- A new BMJ case report delves into the story of a 43-year-old man who started feeling incredibly ill after buying a feather duvet and pillows.
- He reported feeling fatigued, breathless, and sick for three months, and doctors initially misdiagnosed him with a respiratory tract infection.
- The man actually had hypersensitivity pneumonitis, a disease where the lungs become inflamed due to an allergic reaction. More specifically, he had “feather duvet lung,” a serious form of bird allergy that causes difficulty breathing.
When you invest in new bedding, it’s natural to assume it will only make your life better. But a new BMJ case report delves into the story of a 43-year-old man who started feeling incredibly sick after buying a feather duvet and pillows.
The man went to the doctor after feeling fatigued, breathless, and sick for three months, and was diagnosed with a respiratory tract infection. His symptoms improved for a bit, but then came back later that month. At that point, they got so bad that he needed to take two weeks off from work.
A month after he saw his doctor, the man’s breathlessness got even worse. His initial blood tests and chest X-ray seemed normal, but he was having trouble breathing just walking between rooms in his house. His doctor consulted a specialist, and took a closer look at certain aspects of his lifestyle.
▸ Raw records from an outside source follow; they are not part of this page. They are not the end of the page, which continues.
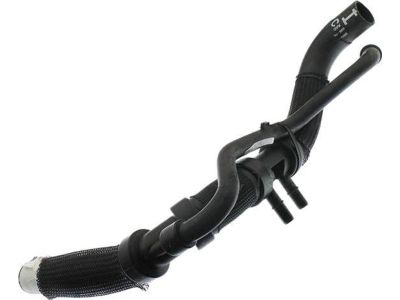 Ford BB5Z-8286-M Lower Hose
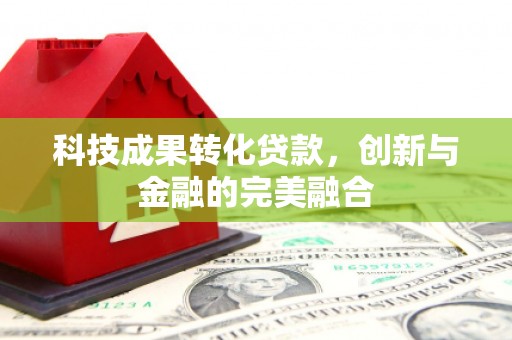 罗山科技成果转化贷款，创新与金融的完美融合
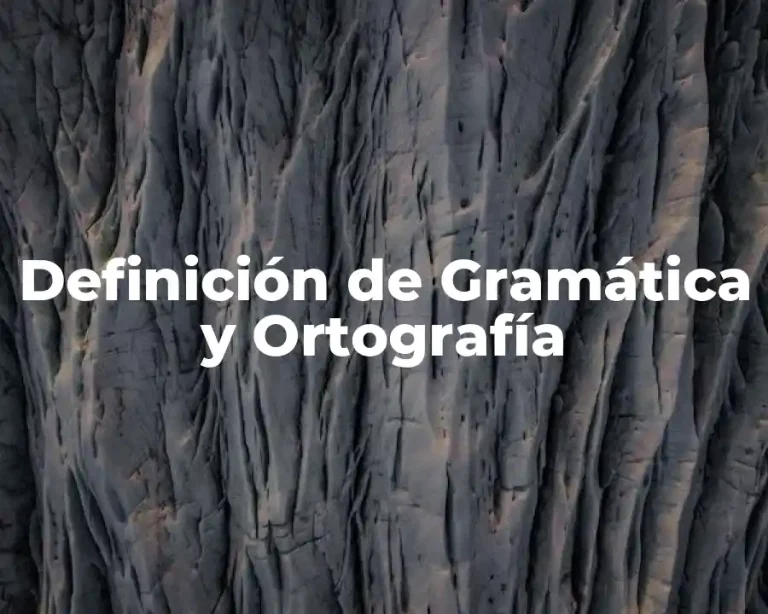 Definición de Gramática y Ortografía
Among other things, the man was a non-smoker, he had a small amount of mold in his bathroom shower, owned a cat and dog, and had recently swapped out his bedding for a feather duvet and feather pillows.
But follow-up blood work found something interesting: The man was exposed to avian protein, which is found in birds—but he didn’t own any birds. His doctor did a little digging and diagnosed him with hypersensitivity pneumonitis, a disease where the lungs become inflamed due to an allergic reaction. More specifically, the man had feather duvet lung, a serious form of bird allergy that causes difficulty breathing that can worsen over time with a dry cough, weight loss, and fever.
Wait, is this kind of reaction common?
Hypersensitivity pneumonitis is incredibly rare, and it only happens in about two out of every 100,000 people, says Purvi Parikh, M.D., an allergist/immunologist with Allergy & Asthma Network. “It is not extremely common, but can be deadly if not addressed,” she says.
Still, it’s also common for people to have an allergy to something they don’t realize, Dr. Parikh says. “Usually allergies are under-diagnosed and many times both patients and physicians don’t realize they can present in various ways with varying severity,” she says.
People usually think of symptoms like coughing and trouble breathing with allergies, but they can also lead to feeling lightheaded and dizzy, like this man experienced. “The dizziness occurs from inadequate oxygenation to your brain,” Dr. Parikh explains.
If you’re dealing with breathlessness or a cough that won’t quit, Dr. Parikh says you should get it checked out ASAP—especially if you’re dealing with this for more than three to five days. “Cough is the most common sign of asthma or any lung condition,” she says. “If you have breathlessness, that means it has become even more serious.”
Getting deathly ill from your duvet is rare, but Dr. Parikh says it’s still a good idea to avoid feather or down comforters if you struggle with allergies, just to be safe.
As for the man in the case report? He swapped his feather duvet with hypoallergenic bedding and was treated with oral corticosteroids. His symptoms “improved rapidly” within the first month of his treatment (even before he started the medication) and he was “completely well” six months after his diagnosis. The patient also wrote in the case report that his condition “doesn’t affect me at all now and my life is pretty much as it was before.”